Once we can cover these 4 metrics for the multiclass classification
- Precision (Positive Predictive Value) --> requires (TP, FP)
- Recall (True Positive Rate) --> requires (TP, FN)
- Negative Predictive Value (NPV) --> requires (TN, FN)
- Specificity (True Negative Rate) --> requires (TN, FP)
we can pretty much derive the rest of the metrics, such as
- FNR (False Negative Rate = 1 - TPR)
- FPR (False Positive Rate = 1 - TNR)
- FDR (False Discovery Rate = 1 - PPV)
- FOR (False Omission Rate = 1 - NPV)
- ACC (Accuracy)
- MCC (Mathews Correlation Coefficient)
- Prevelance Threshold
- ...etc
Excellent work! 👍 👍 👍
@Scoodood I would like to focus this PR only on the metrics addition without touching on the classification report.

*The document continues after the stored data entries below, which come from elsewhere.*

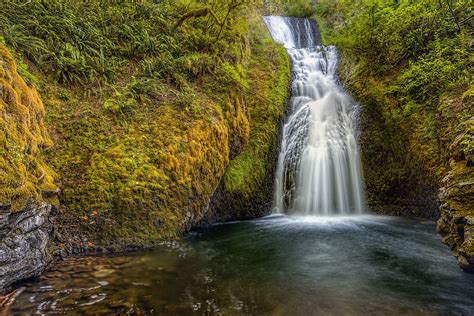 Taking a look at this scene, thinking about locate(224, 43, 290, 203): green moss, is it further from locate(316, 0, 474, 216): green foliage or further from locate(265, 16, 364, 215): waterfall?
locate(316, 0, 474, 216): green foliage

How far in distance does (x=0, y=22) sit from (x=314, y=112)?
811 centimetres

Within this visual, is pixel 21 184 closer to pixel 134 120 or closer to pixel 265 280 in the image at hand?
pixel 134 120

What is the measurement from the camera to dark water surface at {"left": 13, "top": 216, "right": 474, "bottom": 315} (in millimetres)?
2943

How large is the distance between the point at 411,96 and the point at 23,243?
878 cm

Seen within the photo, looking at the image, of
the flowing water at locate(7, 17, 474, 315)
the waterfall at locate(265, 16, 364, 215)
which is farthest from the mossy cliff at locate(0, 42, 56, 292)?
the waterfall at locate(265, 16, 364, 215)


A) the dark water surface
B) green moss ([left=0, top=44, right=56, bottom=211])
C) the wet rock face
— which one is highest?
green moss ([left=0, top=44, right=56, bottom=211])

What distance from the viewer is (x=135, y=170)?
4766 mm

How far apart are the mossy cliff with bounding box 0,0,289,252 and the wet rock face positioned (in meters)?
0.51

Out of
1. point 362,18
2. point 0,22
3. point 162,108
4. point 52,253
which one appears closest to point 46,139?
point 52,253

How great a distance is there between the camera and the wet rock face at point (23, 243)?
287cm

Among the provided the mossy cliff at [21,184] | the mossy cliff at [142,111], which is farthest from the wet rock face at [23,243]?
the mossy cliff at [142,111]

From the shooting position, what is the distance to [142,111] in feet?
18.7

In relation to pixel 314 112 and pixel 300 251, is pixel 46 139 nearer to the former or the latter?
pixel 300 251

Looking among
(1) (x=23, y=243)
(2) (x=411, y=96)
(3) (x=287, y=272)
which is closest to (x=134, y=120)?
(1) (x=23, y=243) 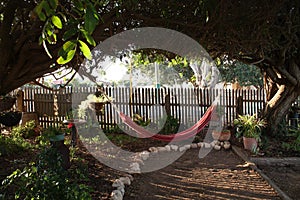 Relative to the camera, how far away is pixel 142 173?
11.2ft

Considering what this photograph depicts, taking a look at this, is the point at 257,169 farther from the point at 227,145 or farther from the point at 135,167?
the point at 135,167

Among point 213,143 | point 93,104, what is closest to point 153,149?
point 213,143

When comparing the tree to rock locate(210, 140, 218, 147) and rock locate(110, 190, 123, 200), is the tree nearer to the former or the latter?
rock locate(210, 140, 218, 147)

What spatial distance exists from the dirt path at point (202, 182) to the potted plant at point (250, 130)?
0.48 meters

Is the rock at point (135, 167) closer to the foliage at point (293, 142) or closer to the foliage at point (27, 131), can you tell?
the foliage at point (293, 142)

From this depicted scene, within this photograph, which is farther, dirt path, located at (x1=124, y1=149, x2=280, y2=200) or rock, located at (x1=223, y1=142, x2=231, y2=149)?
rock, located at (x1=223, y1=142, x2=231, y2=149)

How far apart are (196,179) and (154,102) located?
3.40 m

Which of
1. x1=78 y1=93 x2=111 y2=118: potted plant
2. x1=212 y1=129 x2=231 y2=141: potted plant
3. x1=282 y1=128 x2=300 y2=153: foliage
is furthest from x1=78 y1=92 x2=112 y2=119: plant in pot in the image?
x1=282 y1=128 x2=300 y2=153: foliage

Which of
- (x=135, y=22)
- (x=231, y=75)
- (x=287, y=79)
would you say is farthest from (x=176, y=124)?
(x=231, y=75)

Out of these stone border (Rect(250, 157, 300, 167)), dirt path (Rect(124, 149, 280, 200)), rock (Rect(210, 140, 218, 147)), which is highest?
rock (Rect(210, 140, 218, 147))

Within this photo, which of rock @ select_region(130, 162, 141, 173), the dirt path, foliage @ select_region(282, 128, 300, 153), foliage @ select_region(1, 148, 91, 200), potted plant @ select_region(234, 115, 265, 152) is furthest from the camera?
potted plant @ select_region(234, 115, 265, 152)

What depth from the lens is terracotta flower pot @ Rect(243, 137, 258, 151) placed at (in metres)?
4.35

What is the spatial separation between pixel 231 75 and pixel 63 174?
9.76m

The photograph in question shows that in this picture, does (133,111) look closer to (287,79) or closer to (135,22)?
(287,79) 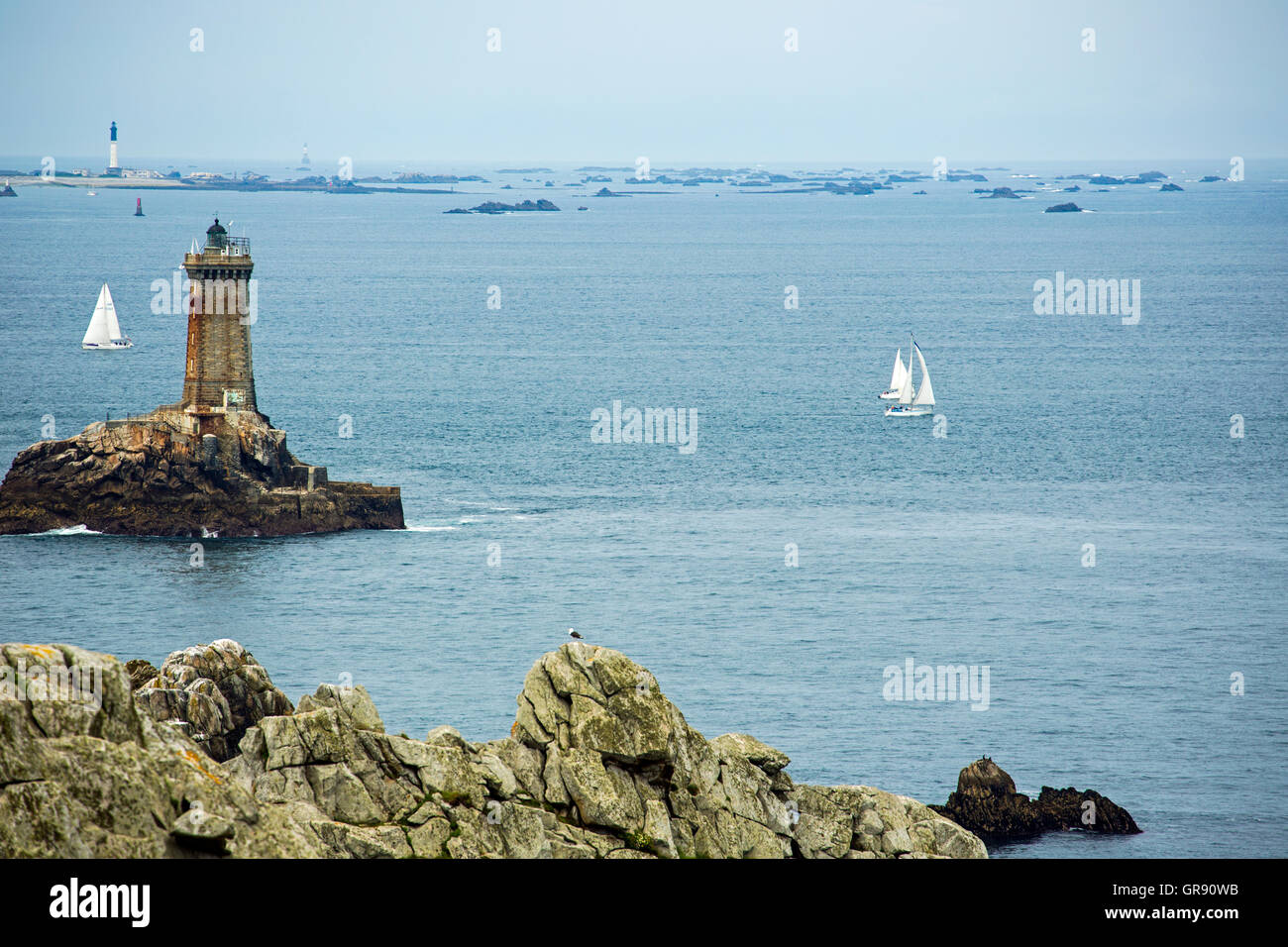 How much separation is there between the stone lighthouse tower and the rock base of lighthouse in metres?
1.79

It could be done in a subsequent PR. Could you open an issue from now on mentioning your feature request regarding the report? I assume that at some point, it could be interesting to have a parameter to filter the desired metrics.

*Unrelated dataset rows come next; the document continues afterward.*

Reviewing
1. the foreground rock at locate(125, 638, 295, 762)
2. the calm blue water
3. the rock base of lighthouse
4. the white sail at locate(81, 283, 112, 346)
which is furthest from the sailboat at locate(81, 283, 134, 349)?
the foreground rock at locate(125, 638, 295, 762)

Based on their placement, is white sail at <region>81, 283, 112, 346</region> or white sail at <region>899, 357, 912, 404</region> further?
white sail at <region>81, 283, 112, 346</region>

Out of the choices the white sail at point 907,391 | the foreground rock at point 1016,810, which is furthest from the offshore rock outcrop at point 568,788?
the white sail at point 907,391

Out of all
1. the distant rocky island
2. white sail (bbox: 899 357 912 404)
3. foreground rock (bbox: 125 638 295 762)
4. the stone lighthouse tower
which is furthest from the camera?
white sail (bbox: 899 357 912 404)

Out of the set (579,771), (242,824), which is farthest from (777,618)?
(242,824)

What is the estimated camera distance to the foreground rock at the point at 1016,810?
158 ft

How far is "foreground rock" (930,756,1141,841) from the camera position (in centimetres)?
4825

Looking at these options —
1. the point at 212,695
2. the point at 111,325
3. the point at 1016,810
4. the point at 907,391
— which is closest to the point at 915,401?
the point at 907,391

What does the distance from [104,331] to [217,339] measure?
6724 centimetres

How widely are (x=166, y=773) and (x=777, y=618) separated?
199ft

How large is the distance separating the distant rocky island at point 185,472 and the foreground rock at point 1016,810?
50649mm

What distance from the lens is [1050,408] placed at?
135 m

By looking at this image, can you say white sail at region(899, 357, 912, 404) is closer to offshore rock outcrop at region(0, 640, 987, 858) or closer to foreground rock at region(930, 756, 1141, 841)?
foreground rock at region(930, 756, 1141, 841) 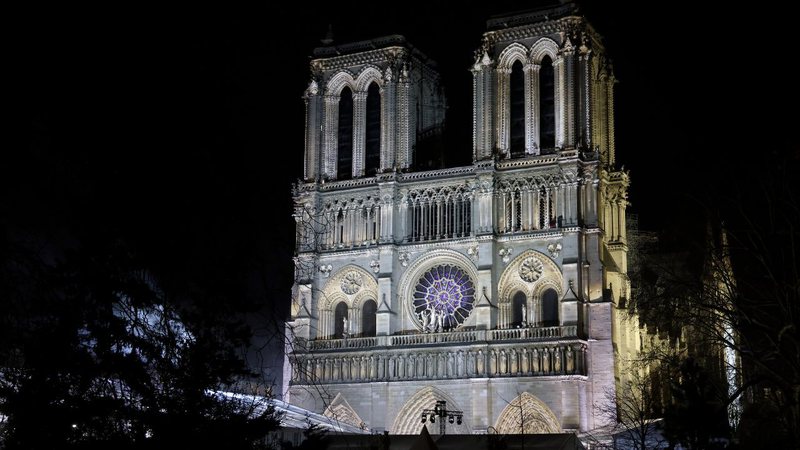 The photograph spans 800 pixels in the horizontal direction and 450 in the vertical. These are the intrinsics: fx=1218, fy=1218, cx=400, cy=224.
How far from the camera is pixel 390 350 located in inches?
2179

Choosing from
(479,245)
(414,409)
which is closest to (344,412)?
(414,409)

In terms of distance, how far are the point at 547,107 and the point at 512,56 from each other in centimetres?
293

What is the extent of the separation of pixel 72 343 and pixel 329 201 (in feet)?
146

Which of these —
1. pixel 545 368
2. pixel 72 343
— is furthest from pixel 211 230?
pixel 545 368

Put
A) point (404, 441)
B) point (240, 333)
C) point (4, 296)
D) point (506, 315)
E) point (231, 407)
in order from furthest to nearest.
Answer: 1. point (506, 315)
2. point (404, 441)
3. point (231, 407)
4. point (240, 333)
5. point (4, 296)

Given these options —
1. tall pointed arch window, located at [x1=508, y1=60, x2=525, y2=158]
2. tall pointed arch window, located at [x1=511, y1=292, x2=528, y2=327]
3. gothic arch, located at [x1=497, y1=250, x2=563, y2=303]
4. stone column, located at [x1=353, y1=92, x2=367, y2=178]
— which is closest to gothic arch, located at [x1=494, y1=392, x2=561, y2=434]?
Answer: tall pointed arch window, located at [x1=511, y1=292, x2=528, y2=327]

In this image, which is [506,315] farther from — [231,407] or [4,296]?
[4,296]

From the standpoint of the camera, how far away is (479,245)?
5475 cm

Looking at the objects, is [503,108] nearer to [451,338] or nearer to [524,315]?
[524,315]

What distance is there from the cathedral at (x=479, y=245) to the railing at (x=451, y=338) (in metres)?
0.07

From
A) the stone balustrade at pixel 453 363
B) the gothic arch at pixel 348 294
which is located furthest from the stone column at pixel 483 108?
the stone balustrade at pixel 453 363

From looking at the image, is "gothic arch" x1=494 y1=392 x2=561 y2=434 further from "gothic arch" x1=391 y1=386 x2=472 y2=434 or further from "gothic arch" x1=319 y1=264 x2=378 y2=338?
"gothic arch" x1=319 y1=264 x2=378 y2=338

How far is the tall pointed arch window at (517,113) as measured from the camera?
56.0 m

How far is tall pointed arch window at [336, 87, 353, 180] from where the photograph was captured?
59719 mm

@Pawel-Kranzberg We could consider adding the NPV as well to close the loop.
@Scoodood I would like to focus this PR only on the metrics addition without touching on the classification report. It could be done in a subsequent PR. Could you open an issue from now on mentioning your feature request regarding the report? I assume that at some point, it could be interesting to have a parameter to filter the desired metrics.
It's done. https://github.com/scikit-learn/scikit-learn/issues/21000
@Pawel-Kranzberg Could you solve the conflicts in the files. I assume that the conflicts here are just related to execute
blackon the file.
Done.
@Pawel-Kranzberg We could consider adding the NPV as well to close the loop.
Done.
@glemaitre - Thank you for the comments. The PR is ready for another round of review.

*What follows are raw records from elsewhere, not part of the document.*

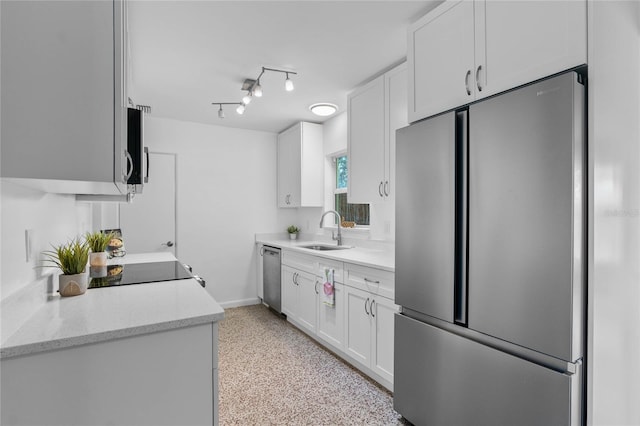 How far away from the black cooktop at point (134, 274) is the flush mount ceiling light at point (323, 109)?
85.4 inches

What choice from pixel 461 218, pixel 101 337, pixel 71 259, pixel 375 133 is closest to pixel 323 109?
pixel 375 133

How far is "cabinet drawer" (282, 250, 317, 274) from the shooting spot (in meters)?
3.29

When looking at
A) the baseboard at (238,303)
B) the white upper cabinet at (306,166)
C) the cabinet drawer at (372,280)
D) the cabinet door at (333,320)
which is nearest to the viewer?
the cabinet drawer at (372,280)

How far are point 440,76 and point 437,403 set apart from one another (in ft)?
5.64

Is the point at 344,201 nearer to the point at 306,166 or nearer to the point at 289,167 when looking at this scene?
the point at 306,166

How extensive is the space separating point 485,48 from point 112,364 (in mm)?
1972

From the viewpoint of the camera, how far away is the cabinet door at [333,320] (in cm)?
279

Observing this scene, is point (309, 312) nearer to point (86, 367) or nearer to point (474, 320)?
point (474, 320)

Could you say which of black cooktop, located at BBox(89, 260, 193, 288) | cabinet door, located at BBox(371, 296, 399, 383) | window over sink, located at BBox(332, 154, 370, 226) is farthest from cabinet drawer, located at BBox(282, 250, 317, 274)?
black cooktop, located at BBox(89, 260, 193, 288)

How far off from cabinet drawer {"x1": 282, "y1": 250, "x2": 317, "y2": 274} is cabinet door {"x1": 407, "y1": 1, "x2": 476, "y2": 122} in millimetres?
1788

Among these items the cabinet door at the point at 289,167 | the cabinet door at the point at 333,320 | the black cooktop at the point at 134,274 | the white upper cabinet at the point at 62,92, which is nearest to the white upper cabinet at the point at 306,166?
the cabinet door at the point at 289,167

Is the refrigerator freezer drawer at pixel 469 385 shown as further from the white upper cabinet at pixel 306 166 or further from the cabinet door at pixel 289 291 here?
the white upper cabinet at pixel 306 166

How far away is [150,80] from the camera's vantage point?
297 centimetres

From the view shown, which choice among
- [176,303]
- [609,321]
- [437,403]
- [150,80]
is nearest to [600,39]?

@Scoodood - FYI, I've added the NPV score fuction (npv_score).
@Scoodood - FYI, I've added the NPV score fuction (
npv_score).
hi @Pawel-Kranzberg, just wondering when these new metrics will be integrated into the official scikit-learn for public consumption?
@Scoodood - FYI, I've added the NPV score fuction (
npv_score).hi @Pawel-Kranzberg, just wondering when these new metrics will be integrated into the official scikit-learn for public consumption?
I keep my fingers crossed...
Nice the CI is passing. I will make a new pass on it.
We won't have time to finish the review on this one before the 1.2 release. Moving it to 1.3
✔️ Linting Passed
All linting checks passed. Your pull request is in excellent shape! ☀️
@lorentzenchr would you be able to maybe have a look?
From the long discussion in #5516, better ping @jnothman @amueller @glemaitre .
@Pawel-Kranzberg Could you please stop merging the main branch as long as there are no merge conflict? The reason is that it might hide discussions in Github and also generates notifications. And it should be in your interest that maintainers don't unsubscribe from this PR.